The earliest I would be able to set up something up for him to permanently live in would be tomorrow morning. Thanks for any advice!

Tank:
55 gal with two aq70's
8 X P. nigripinnis
1 X A. Calvus
2 X J. transcriptus
1 X Bristlenose pleco
*all fish are juveniles

pH: 8.2 0/0/5


----------



## Iggy Newcastle (May 15, 2012)

Welcome to C-F

You stated the fish are all juveniles. Did you buy several Julies and a pair formed? Or did you start with 2?

Definitely setup the extra tank, especially if the exiled fish cannot leave the upper corner without being attacked. You could also try removing the aggressor.


----------



## Keeper_of_Cichlids (Nov 3, 2018)

Hi, and thank you for the feedback!

I started with 2. Prior to this water change, they showed no signs of aggression and seemed to readily pair up. Maybe I misread their behavior (see video from 1 month ago), but I'll definitely move one out ASAP. Are you aware of some bonds forming back once broken?


----------



## Iggy Newcastle (May 15, 2012)

Typically, you start out with 6+ individuals and allow a pair to form. Not all fish are 'compatible' with one another so you need to give them options. At that point, you either remove the pair to their own tank, or the extras. In larger tanks you may have more than 1 pair existing.

Your Julies certainly looked to be a couple. Pair bonds do break down. This is common especially in south and Central American cichlids, where a tank divider is often used when needed. I have limited experience with Tanganyikan fish, so I cannot confidently say if these fish would ever be compatible. Best bet would be to remove 1 until you can source a few more. After you quarantine the newcomers, add all the julies together into the 55. Let them sort it out.

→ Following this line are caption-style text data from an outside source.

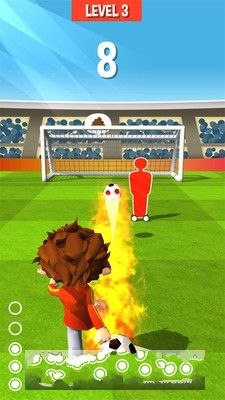安杰洛的足球手机游戏安卓版下载 V0.1.07截图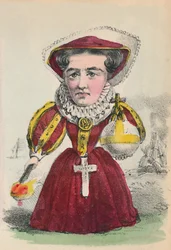 Mária, 1856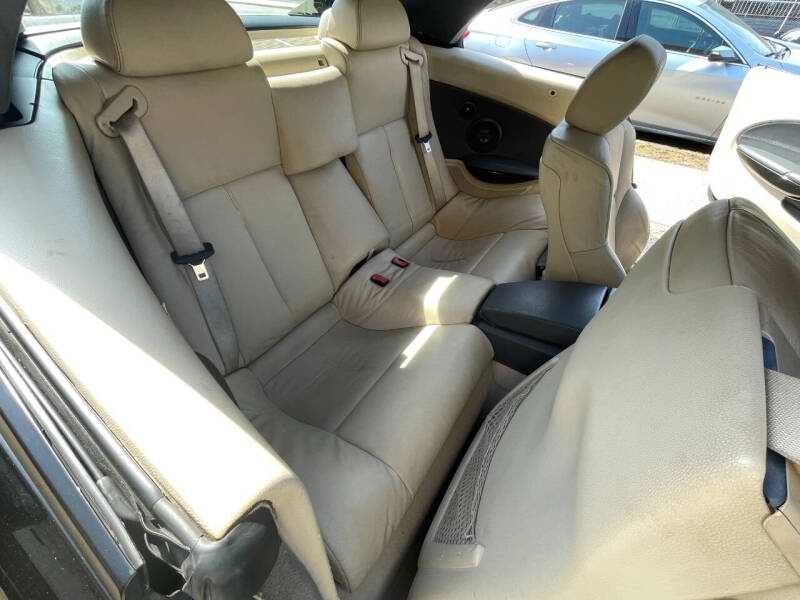 2004 BMW 6 Series 645Ci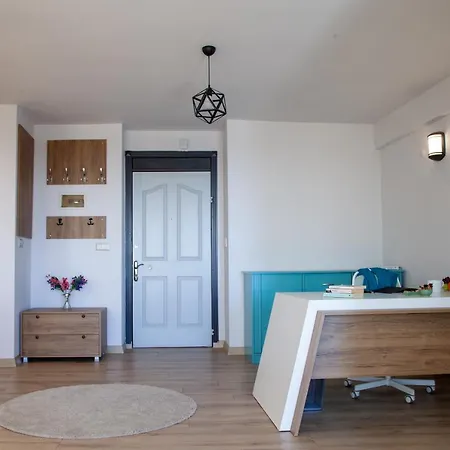 Apartmán Mavi Avlu - Main Square Old Town Antalya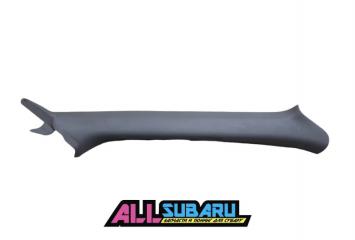 Накладка стойки салона передняя правая Subaru Impreza WRX STI 2003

Also, your fish appear to be Julidichromis Marlieri 'Gombe' which used to be considered Transcriptus. Hopefully someone more experienced chimes in on this.


----------



## wryan (Dec 6, 2015)

When clicking on the video I get a "Video Unavailable" error message ...

When looking at the fish in the poster frame for the video, the fish appears very similar pattern-wise (checkerboard) to 6 fish that were sold to me as J. transcriptus ... but Iggy may well be correct as to the identification.

FWIW, I also have a pair of J. transcriptus "Zambia" which I recently picked up that have a different pattern (barred vertically only, rather than checkerboard)

I would remove the targeted fish asap ... I recently lost a J. ornatus that got killed off in less than 24 hours after I first noticed it hovering at the top front corner.


----------



## Iggy Newcastle (May 15, 2012)

Here's what I'm referring to-
https://www.cichlid-forum.com/profiles/ ... hp?id=1537

It's a dwarf form of Marlieri. I do have some, but no pictures to share.


----------



## wryan (Dec 6, 2015)

Iggy Newcastle said:


> Here's what I'm referring to-
> https://www.cichlid-forum.com/profiles/ ... hp?id=1537
> 
> It's a dwarf form of Marlieri. I do have some, but no pictures to share.


Heheheh ... interesting ... :thumb:

Those look a lot like the "Zambia" transcriptus I have.

I'm going to have to do some studying up to properly differentiate.

The original ones I bought as J. transcriptus look like the fish in my avatar.


----------



## Iggy Newcastle (May 15, 2012)

cichlidae.com shows that Transcriptus is only native from 3 localities in Congo. Marlieri from the country Zambia. Many localities. It's confusing


----------



## Keeper_of_Cichlids (Nov 3, 2018)

wryan said:


> Iggy Newcastle said:
> 
> 
> > Here's what I'm referring to-
> ...


My pair were also sold as transcriptus "Zambia". Here's a more recent image of the aggressor since the video didn't work:










Regardless, thanks you for your advice! I set up the 20 and now I just have to pull out all the rock work to net one of them. :?


----------